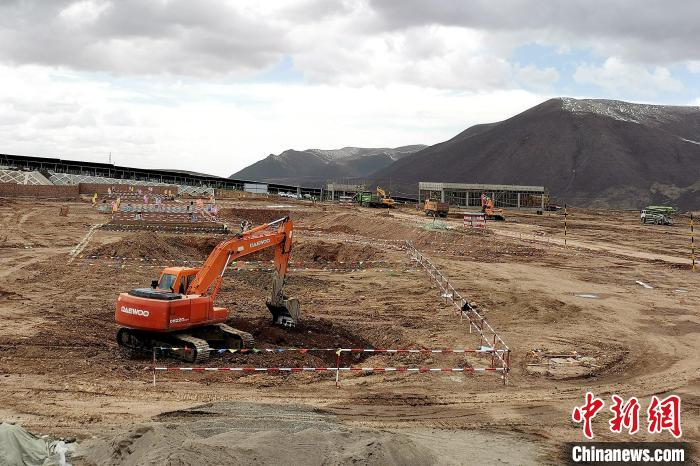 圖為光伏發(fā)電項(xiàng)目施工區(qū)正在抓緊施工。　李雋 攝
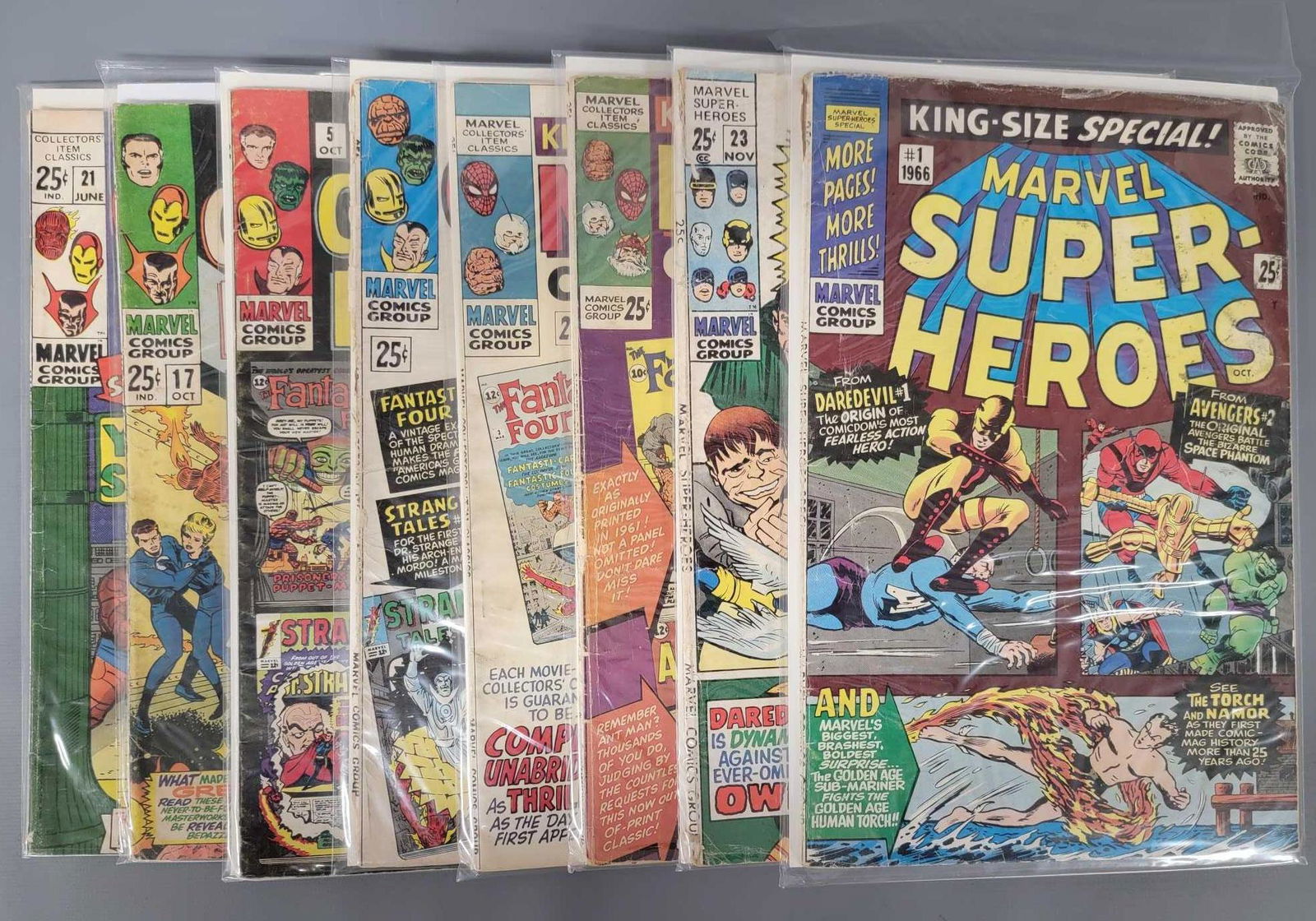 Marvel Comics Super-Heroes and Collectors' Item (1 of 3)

==

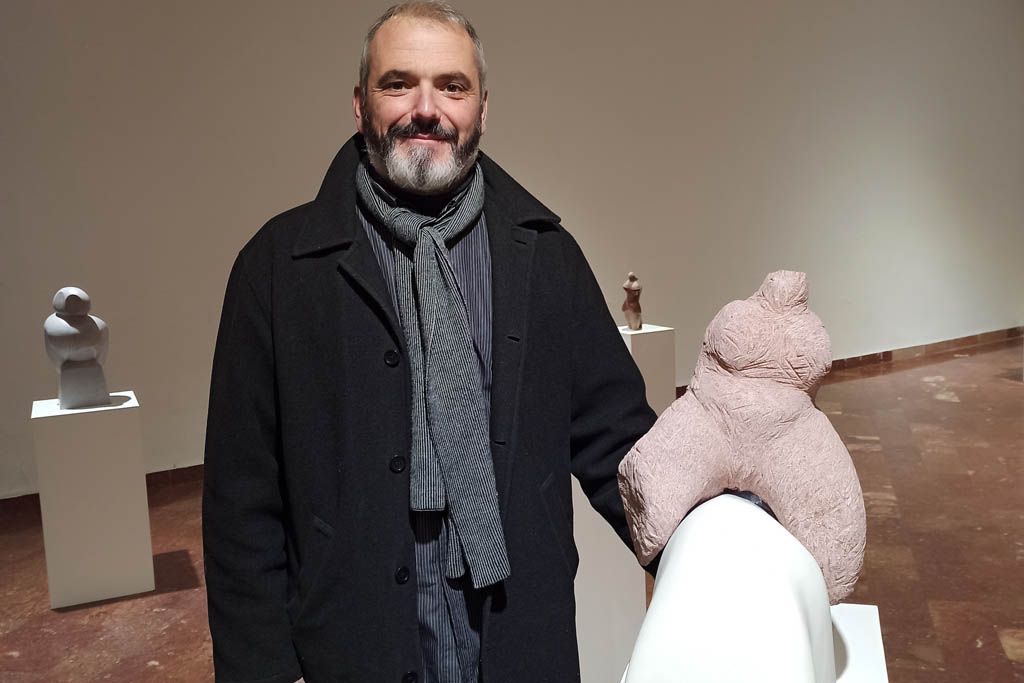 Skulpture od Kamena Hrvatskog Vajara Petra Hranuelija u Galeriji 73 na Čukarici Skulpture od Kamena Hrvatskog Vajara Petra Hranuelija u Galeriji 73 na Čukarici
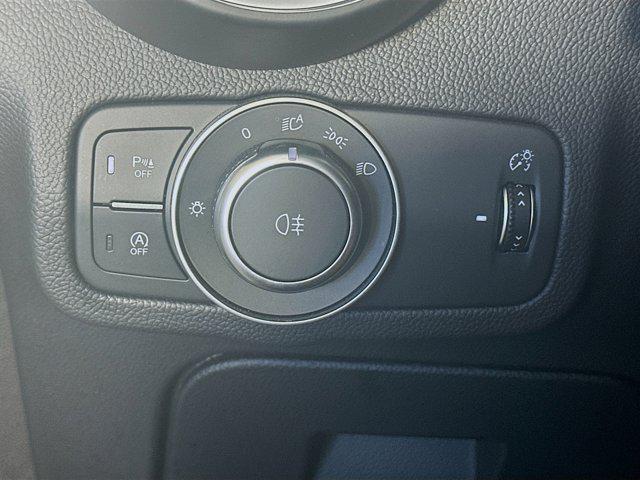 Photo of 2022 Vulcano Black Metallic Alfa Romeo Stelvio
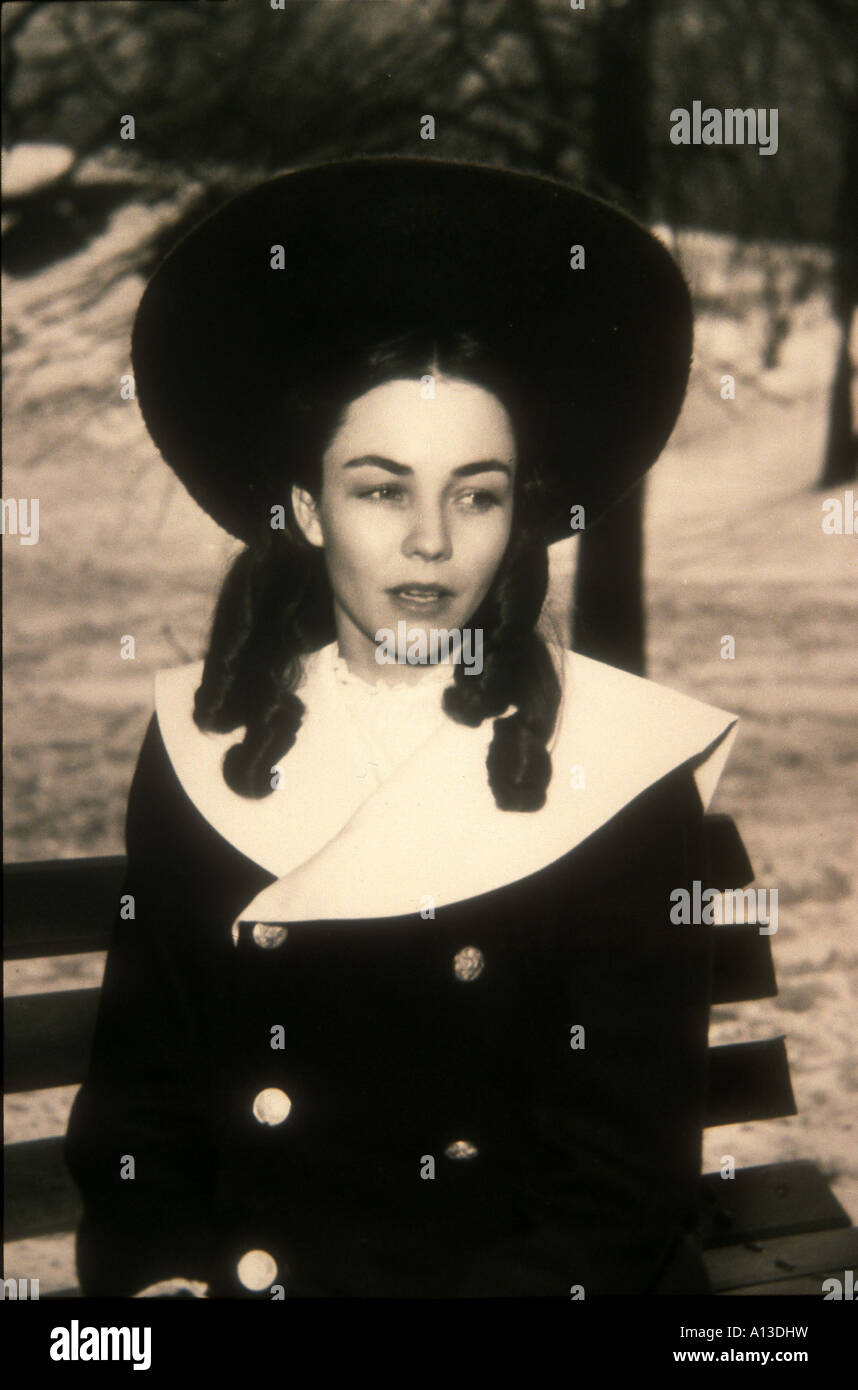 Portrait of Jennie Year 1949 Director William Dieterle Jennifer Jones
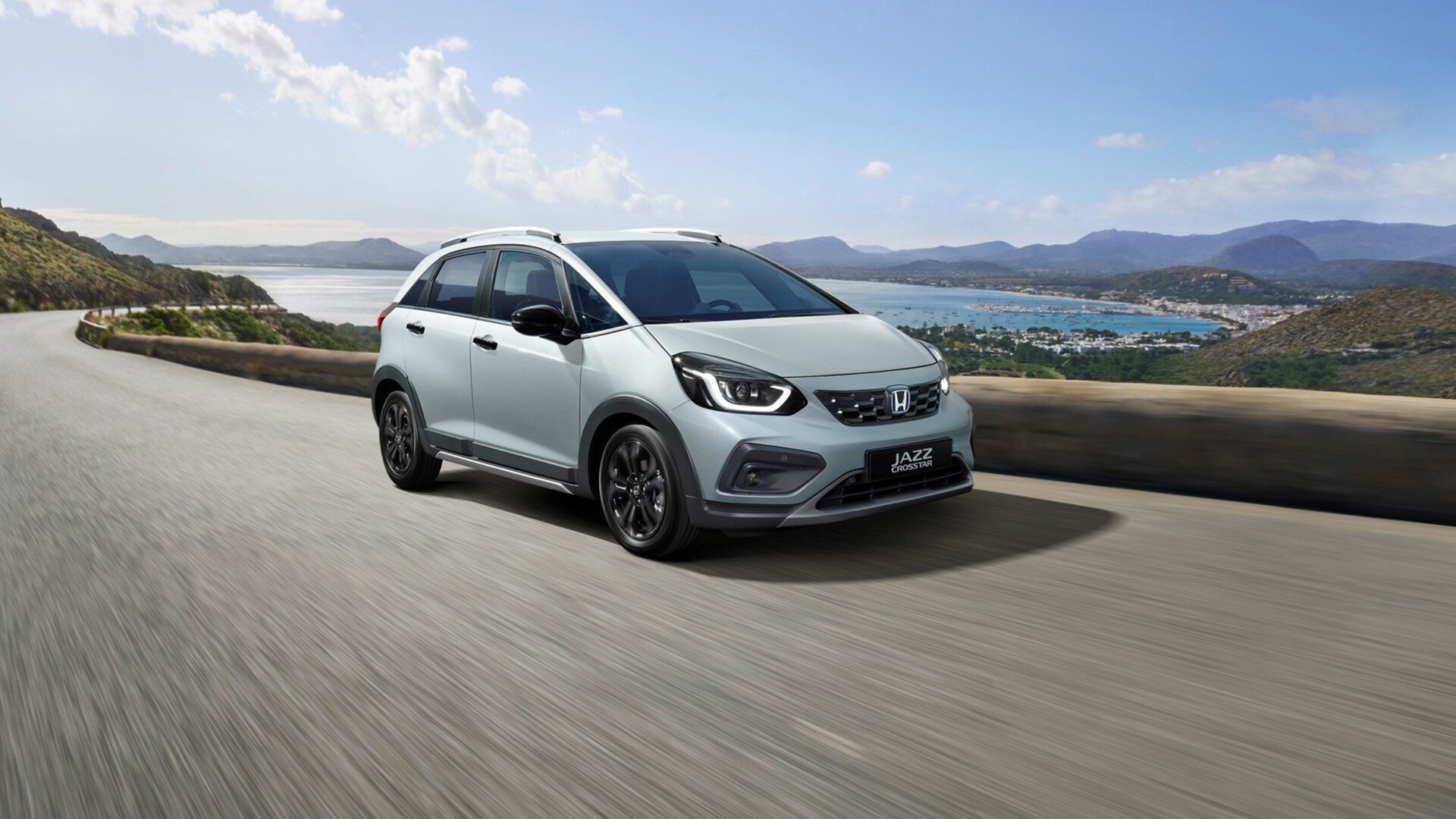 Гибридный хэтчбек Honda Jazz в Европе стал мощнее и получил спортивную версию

...

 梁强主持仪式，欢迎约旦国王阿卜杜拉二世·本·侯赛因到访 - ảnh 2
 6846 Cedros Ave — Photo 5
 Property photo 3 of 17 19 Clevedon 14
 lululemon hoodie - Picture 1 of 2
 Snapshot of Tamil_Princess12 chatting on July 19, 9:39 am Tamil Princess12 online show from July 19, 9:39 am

● **AIM OF THE TASK**
Could you repeat exactly the lines in the listing above from the one with "Property photo 3 of 17 19 Clevedon 14" down to the one with "Snapshot of Tamil_Princess12"? Include both of those lines.

● **RESPONSE**
 Property photo 3 of 17 19 Clevedon 14
 lululemon hoodie - Picture 1 of 2
 Snapshot of Tamil_Princess12 chatting on July 19, 9:39 am Tamil Princess12 online show from July 19, 9:39 am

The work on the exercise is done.